Matt Harkins and Viviana Olen share a highlight from their collection of art and artifacts related to the 1994 figure-skating scandal surrounding Tonya Harding and Nancy Kerrigan.
Who: Matt Harkins and Viviana Olen, Curators and Roommates
Where: THNK 1994 Museum (Tonya Harding Nancy Kerrigan 1994 Museum), located in the hallway of Harkins and Olen’s apartment in Williamsburg, Brooklyn.
What: These cross-stitched portraits depict Nancy Kerrigan and Tonya Harding, two figure skaters at the center of a media scandal leading up to the 1994 Winter Olympics. In January of 1994 Nancy Kerrigan was attacked while leaving a practice session at the U.S. Figure Skating Championships (the qualifying event for the Olympics). An investigation showed almost immediately that Tonya Harding’s husband Jeff Gillooly masterminded the attack. This story received nearly 24-hour coverage by the media as they debated whether or not Tonya knew about Jeff’s plan to injure Nancy before it happened. After intense training, Nancy recovered and was able to compete at the Olympics. The anticipation of seeing Nancy and Tonya together for the first time since the attack led to the highest ratings in Olympic broadcast history.
When: After watching Nanette Burstein’s documentary The Price of Gold on Netflix (it’s about Tonya and Nancy and it’s a must-see), we decided our unused, 25-foot hallway would be the perfect space for a museum dedicated to the 1994 Olympics. Initially we thought “museum” would be a fun name for what would essentially be a bunch of blown-up photos. We started a Kickstarter campaign and asked for $75 to go to the Duane Reade photo department. As more and more people heard about the project, it became clear from their responses that a museum unpacking the real story behind America’s most iconic sports scandal was something that everyone wanted. We received submissions of art and artifacts, like press passes and scoring sheets from the U.S. Figure Skating Championships (where the attack took place), a diorama depicting Tonya Harding landing a triple-axel, and a sculpture of Nancy Kerrigan. These and many more deserved a proper display.
These cross-stitched works were made by Rebecca and Josh Greco of Aurora, Illinois. Like a lot of the artists whose work is on display, we haven’t met them in person, although we’re sure they’re cool. Josh drew the illustrations and Rebecca cross-stitched them. These were extra-special to us because Rebecca sent us pictures on Twitter and Instagram as they were slowly coming to life. You could see the shading of Nancy’s cheeks come in, then Tonya’s bold red lips. Rebecca kept on saying, “This is going to be the most glorious thing I’ve ever stitched.” When they came in the mail, it was maybe a week before the museum had its opening gala. At that point, we were exhausted, and the whole museum was starting to seem pretty insane. We remember having this moment of “Do we look so stupid?”, but then we opened Rebecca’s package and the portraits were stunning.
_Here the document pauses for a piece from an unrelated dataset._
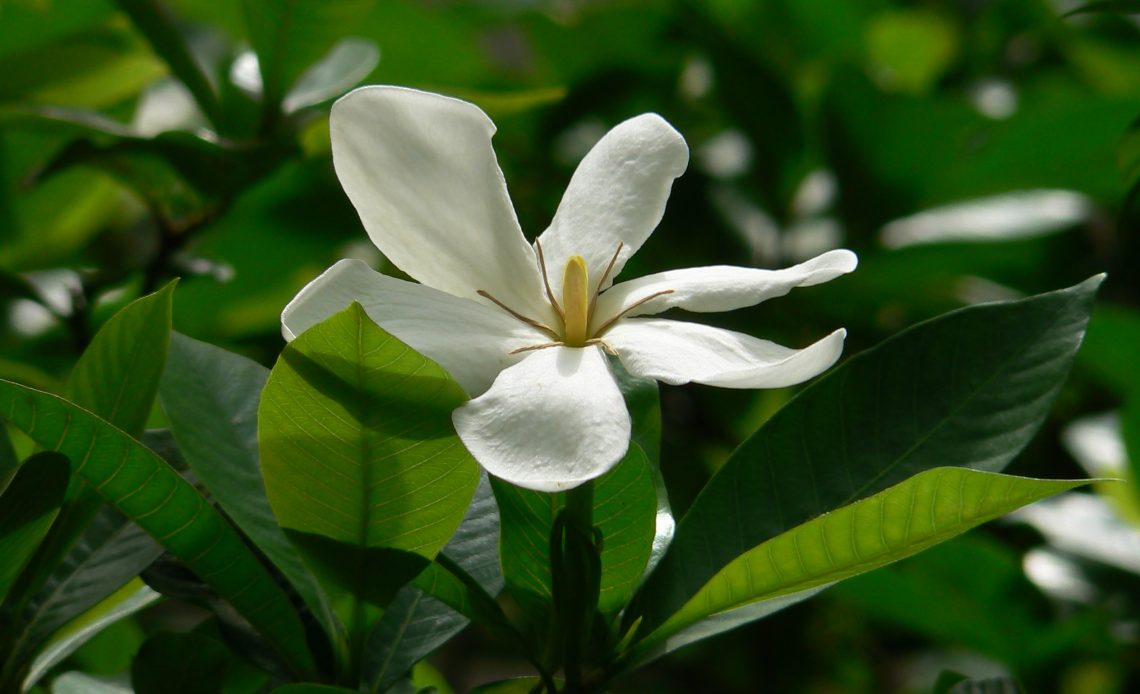 do-hummingbirds-like-gardenias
It was an overwhelming feeling knowing that a total stranger had spent hours and hours crafting something with so much love and had sent it our way. It was thrilling that the story of Tonya and Nancy was able to bring us together and to create some very cool art!
Why: Considered by most visitors to be the Mona Lisa of the museum, they also highlight how much this story and the media hype that surrounded it represent something uniquely American. Tonya Harding was the embodiment of the American Dream. She came from an abusive home with very few resources to pay for training. Her talent was so undeniable that she was able to continue making strides in her figure-skating career despite the fact that she didn’t have the financial and emotional support that others had. Eventually she became the first American woman to land a triple axel in competition. Tonya went from the highest of highs to the lowest of lows and was eventually stripped of all her titles after the 1994 scandal.
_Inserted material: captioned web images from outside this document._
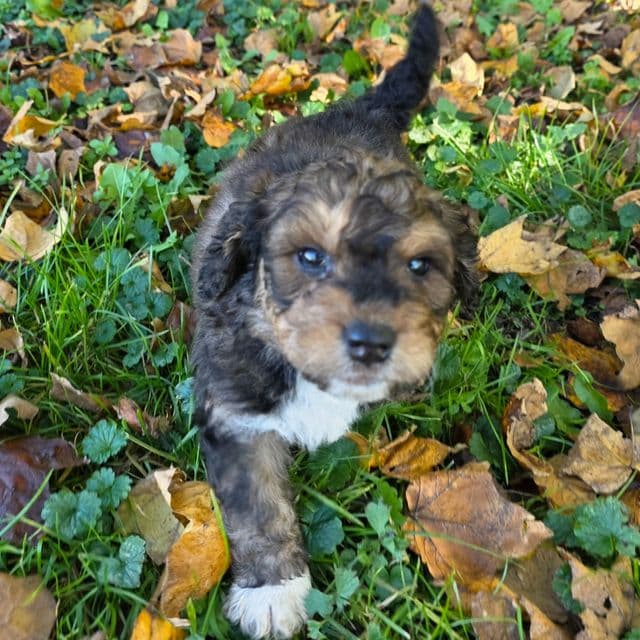 Mini F1b Tucker  - Bernedoodle Male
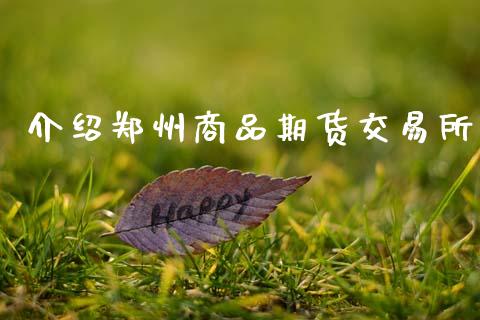 介绍郑州商品期货交易所_https://m.lcjysmgs.com_基金管理_第1张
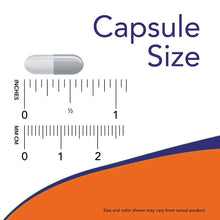 Capsule size chart graphic with capsule silhouette and inch and centimeter rulers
It’s important that we look back and consider how she was (mis)represented by the media. For example, in 1994, the media debate over Tonya’s involvement in planning the attack often left out the fact that she was in an abusive relationship with her husband. The camp, humor, and drama make it easy to forget the two very real people at the center of this infamous story, but we hope visitors have fun re-living the outrageous moments while also having a thoughtful conversation about Nancy and Tonya.